The public is also invited to attend the conference to gain an understanding of regional challenges and the positive work that is taking place in difference Pacific countries and organisations, she said.

Pacific security will likely be at the forefront of the conference, which will take place as China galvanises support and increases its foothold in the region.

Last month, both Kiribati and the Solomon Islands switched diplomatic ties from long-time ally Taiwan to China, prompting claims that the world’s second largest economy was attempting to “buy” diplomacy in the Pacific.

However, senior lecturer of security studies at Massey University Dr Anna Powles, who will be presenting at the conference, said talks on China’s role in the Pacific would not dominate the agenda as it had done in other regional meetings in recent years.

“The conference has deliberately shifted the framing of geopolitics in the Pacific in terms of what are Pacific perspectives on security issues.”

While she said the Kiribati and Solomon’s islands developments were likely to come up, she expected a far more “nuanced conservation” where the bilateral agency of Pacific nations are acknowledged.

Another key issue which is certain to be raised is the unrest in West Papua, which has seen over 30 people killed and many thousands displaced as the Indonesia military clashed with protesters.

Dr Powles said it was important that West Papua is discussed at the conference as it is very much a regional security issue.

“What is happening in Papua is a human security issue and because it is a human security issue, it is a regional security issue for New Zealand and a number of Pacific island countries.”
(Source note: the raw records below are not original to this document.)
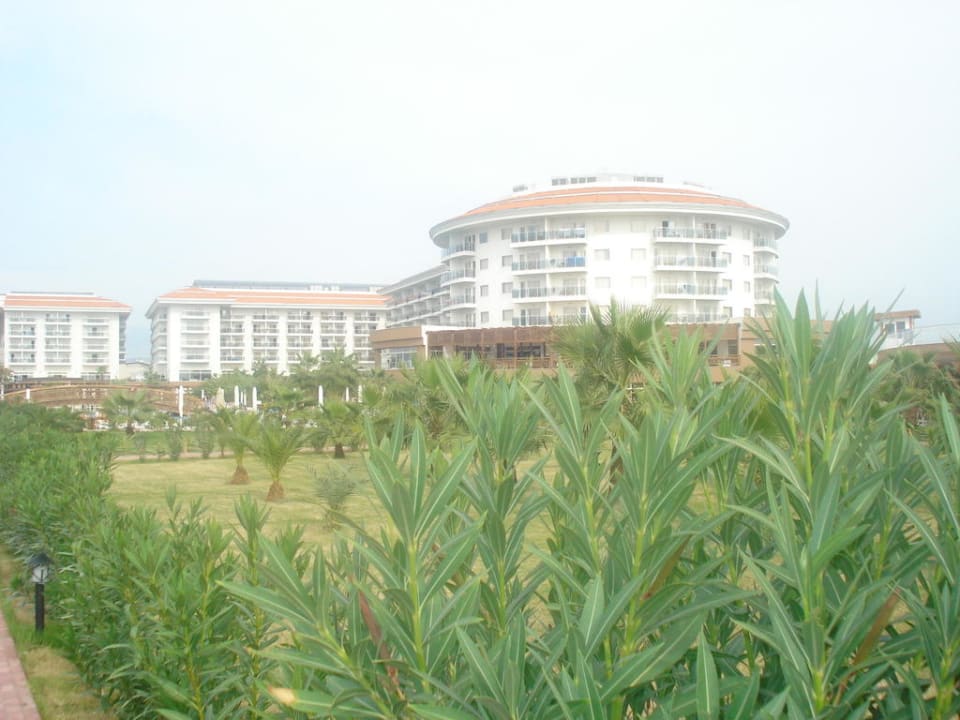 Die Hotelanlage vom Strand aus  Seaden Sea World Resort & Spa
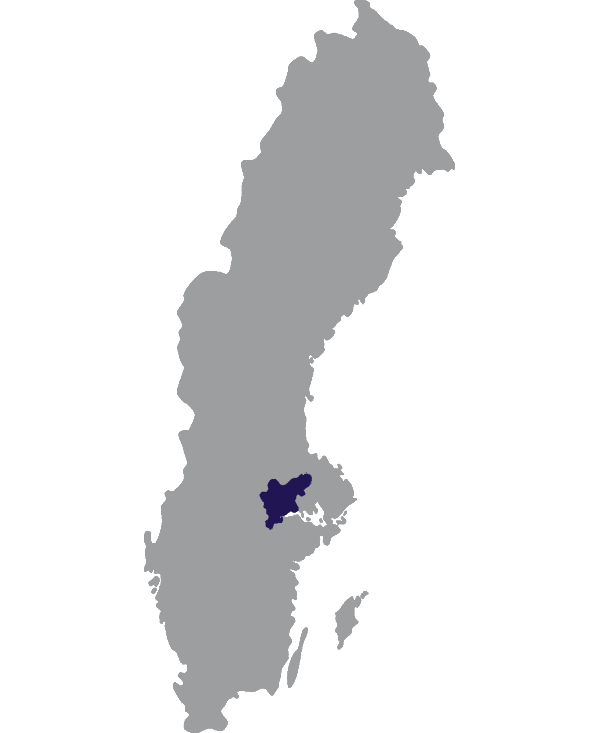 Landkaart Zweden grijs met provincie Västmanland donkerblauw op transparante achtergrond - 600 * 733 pixels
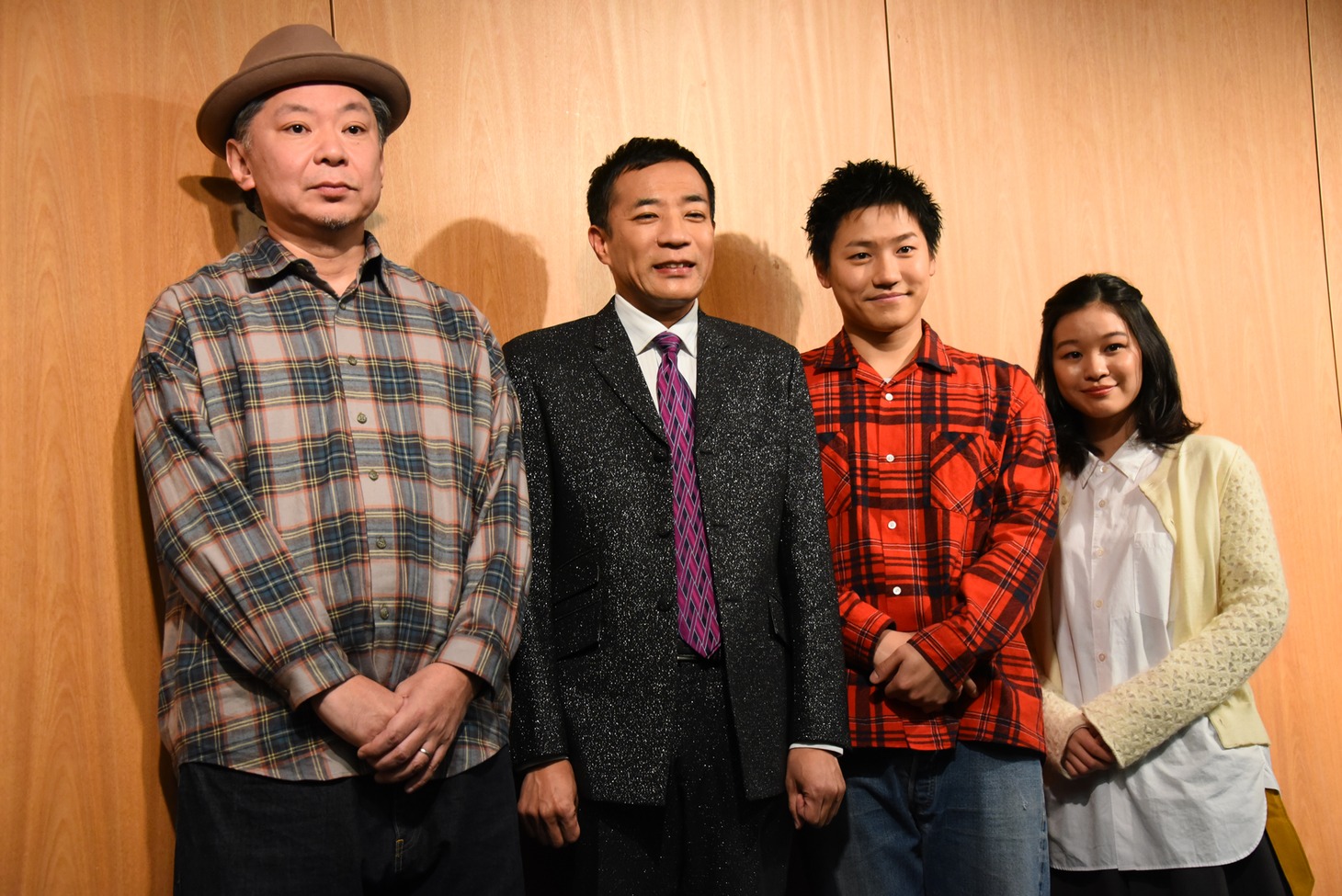 囲み取材に出席した（左から）鈴木おさむ、ナイツ塙、小森隼、森田想。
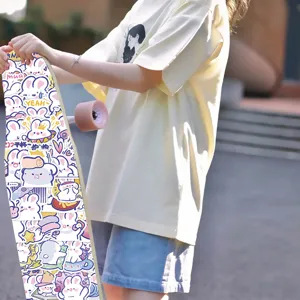 Adorabili adesivi graffiti con coniglio dei cartoni animati longboard skateboard decorazione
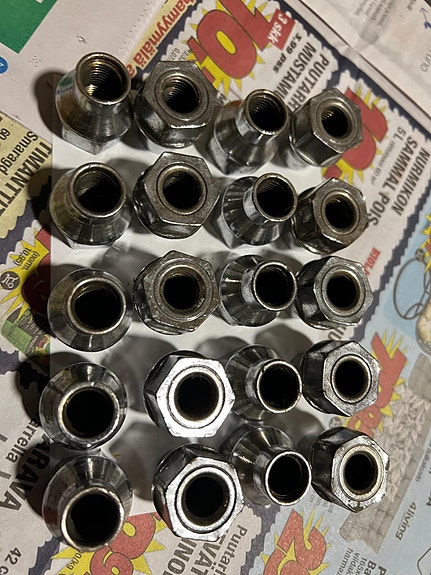 Pyörän mutterit M10, 20kpl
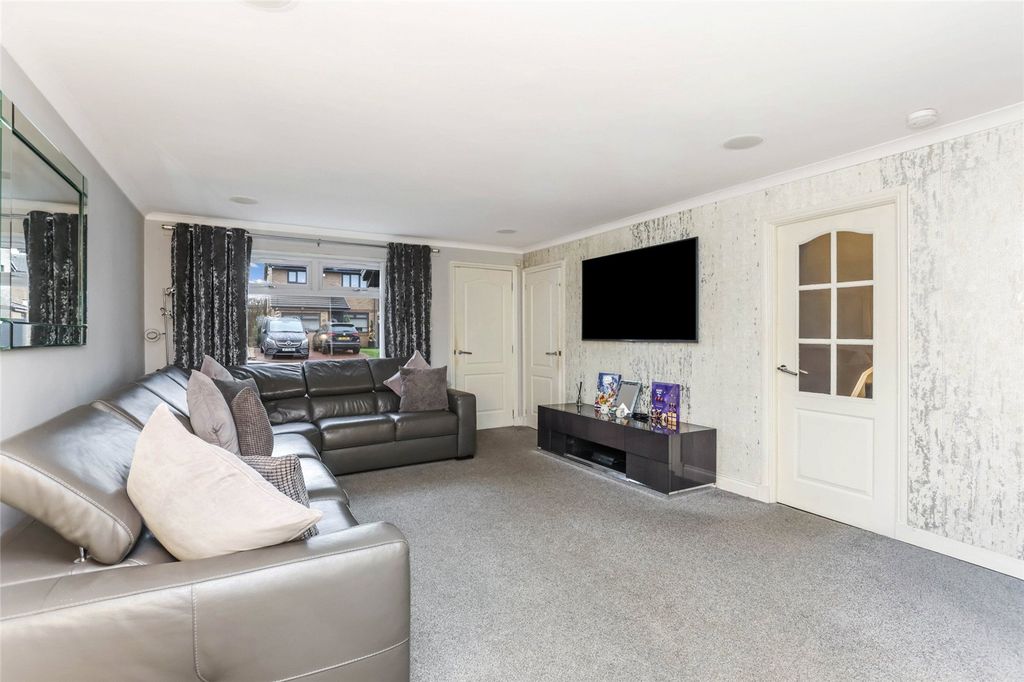 Property photo 2 of 26 Picture No. 03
“New Zealand is a signatory to the Boe Declaration which provides an expanded concept of security inclusive of human security.”

“There is a potential role for New Zealand, similar to the honest broker role New Zealand played in respect to brokering peace in Bougainville, where New Zealand can offer ‘good offices’ to support dialogue between the key actors in Papua and Indonesia.”

Vanuatu Foreign Minister’s Minister Ralph Regenvanu who will also be speaking at the conference told Pacific Media Watch he intended to raise the West Papua issue personally.

An outspoken advocate of West Papuan independence, Regenvanu commended the New Zealand government’s leadership on issues like climate change, which was robustly debated at the Pacific Islands Forum in Tuvalu in August.

“New Zealand is a model for what a developed country should be committing in terms of climate change,” he said.

Pacific Futures will also focus heavily on the growing influence of young people in Pacific developments with many representatives of youth organisations speaking.

Founder and CEO of Tonga Youth Leaders and Pacific Regional Representative for Commonwealth Youth Council Elizabeth V Kite said the conference will give a much-needed voice to the younger generations which are frequently excluded from decision making.

“Youth are leading the way in terms of highlighting issues such as climate change, but we are still not afforded equal say at decision making tables about our environment and future, which must change,” she said.

“If we are the ones to live out the future that is being planned today, we as young people must have a say in that and must be engaged with when these discussions and decisions are being made.”

Pacific Futures will take place at the Novotel Auckland Airport from 8am to 5pm on Friday October 18.